Gıda zehirlenmesi, mikroorganizmalar ya da bakteri toksinleri nedeniyle bozulmuş yiyeceklerin tüketilmesi sonucu ortaya çıkıyor. Bu vakaların daha çok mide, bağırsak sistem şikâyetleriyle seyreden, ani gelişen tablolar olduğunu kaydeden Dr. Elif Ünüvar, bazen ciddi nörolojik tablolara hatta nadiren ölümlere de neden olabileceğini vurguladı. Gıda zehirlenmelerinin tek bir kişiyi veya ayrı bulaş olan yiyeceklerden yemiş bir grup insanı da etkileyebileceğini söyleyen Dr. Elif Ünüvar, şöyle devam etti: “Gıda zehirlenmesinin en yaygın nedenlerinden biri virüsler ve virüs içinde norovirüs ve rota virüslerdir. Bakteriler içinde de salmonella ve esherichia colidir. Hijyenik olmayan gıda veya su tüketen kişilerde hastalık oluşturması yüksek ihtimaldir”.
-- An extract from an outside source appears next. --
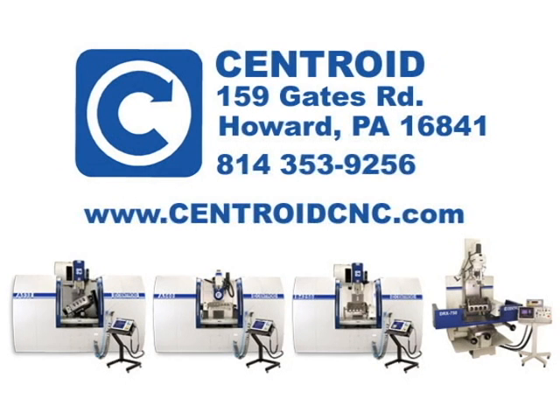Be sure to check out centroidcnc.com for more information on our entire performance racing machine tool lineup.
Gıda zehirlenmesinin en genel nedeninin soğuk zinciri bozulmuş besinler ve hijyen eksikliği olduğunu, besinlerin sıcakta bekletilmemesi gerektiğini ifade eden Dr. Elif Ünüvar, yaygın belirtilerinin mide bulantısı veya kramp, karın ağrısı, sulu veya kanlı ishal, ateş olduğunu söyledi. Dr. Elif Ünüvar, hastalığın 1-3 gün içerisinde bitebileceğini nadir de olsa bazen bakterilerin türü, enfeksiyonun şiddeti ve kişinin vücut direncine göre bir haftaya kadar da devam edebileceğini kaydetti. Gıda zehirlenmelerinin en erken 30 dakika ile 1 saat içerisinde belirtilerinin görülebileceğini ifade eden Dr. Elif Ünüvar, 24 saat içinde 6‘dan fazla ishal, kusmada veya dışkıda kan, 38.5 derecenin üzerinde görülen ateş, şiddetli karın ağrısı gibi durumlarda vakit kaybedilmeden mutlaka bir sağlık kuruluşuna başvurulması gerektiğini kaydetti. Nadir de olsa ciddi komplikasyonlar gelişebileceğini ekleyen Dr. Elif Ünüvar, özellikle 5 yaş altı çocuklarda, yaşlılarda ve bağışıklık sistemi baskılanmış hastalarda ciddi durumlarla sonuçlanabileceğini kaydetti.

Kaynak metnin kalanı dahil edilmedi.